What you have to do: This exercise calls for an exact copy of the listing, with no pictures kept.

Given information:
•••••
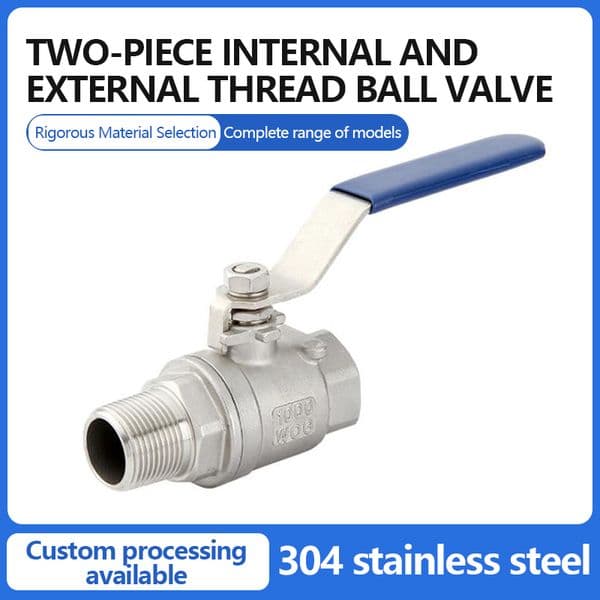 Two-Piece Internal/External Thread Ball Valve Full-Bore Internal Thread Screw-Type Stainless Steel On/Off Valve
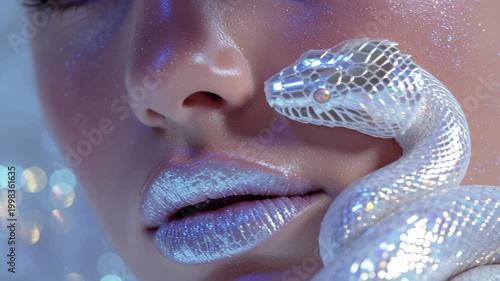 Extreme close-up footage of a woman with shimmering glitter skin and glossy lips, holding a chrome snake near her face in neon light, sci-fi fashion concept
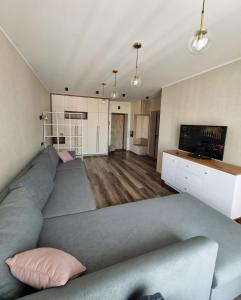 ルツカイにあるDream Town,залізничний вокзалのリビングルーム(灰色のソファ、テレビ付)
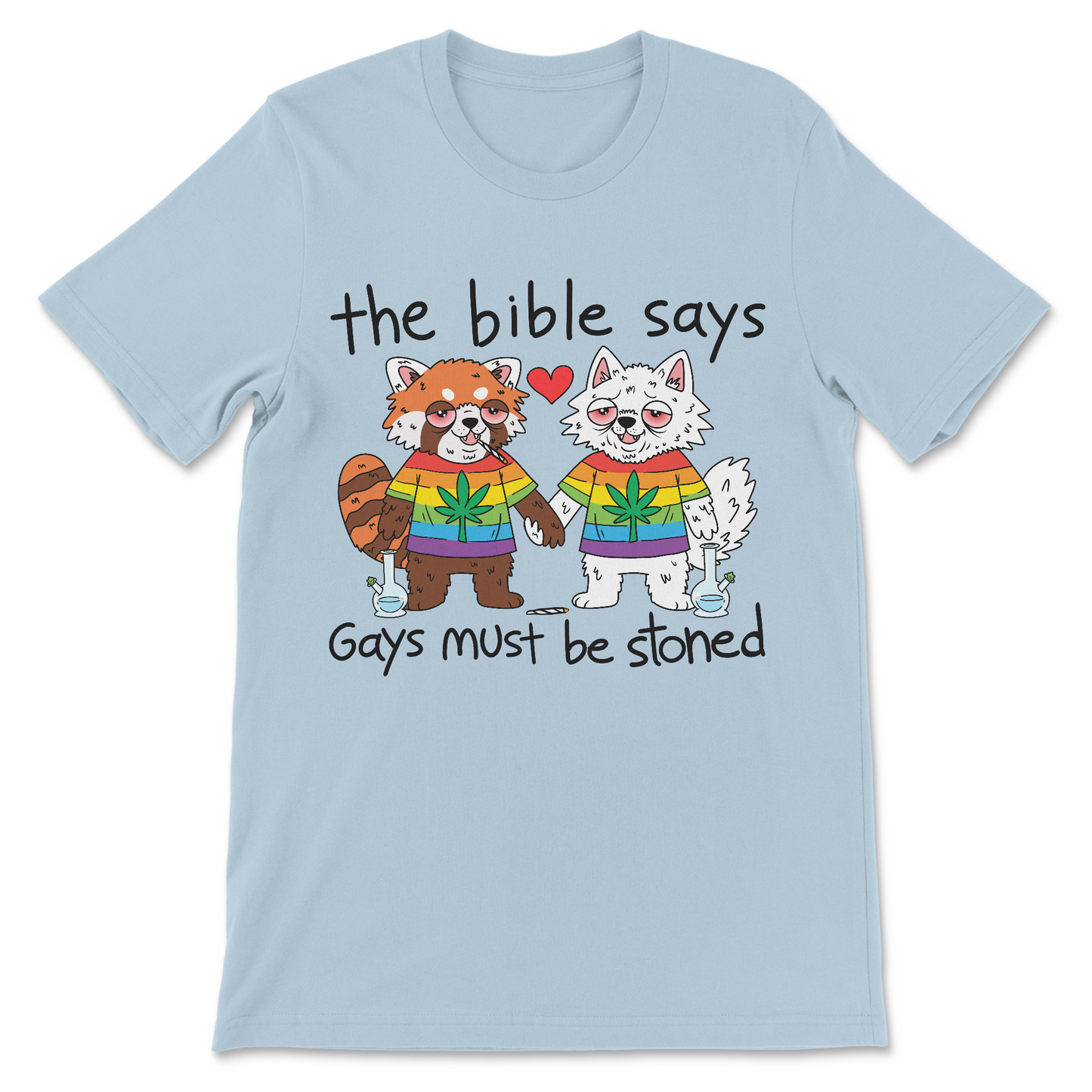 dark humor parody t-shirt with illustrated animals and ironic religious message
•••••
Finished task:
 Two-Piece Internal/External Thread Ball Valve Full-Bore Internal Thread Screw-Type Stainless Steel On/Off Valve
 Extreme close-up footage of a woman with shimmering glitter skin and glossy lips, holding a chrome snake near her face in neon light, sci-fi fashion concept
 ルツカイにあるDream Town,залізничний вокзалのリビングルーム(灰色のソファ、テレビ付)
 dark humor parody t-shirt with illustrated animals and ironic religious message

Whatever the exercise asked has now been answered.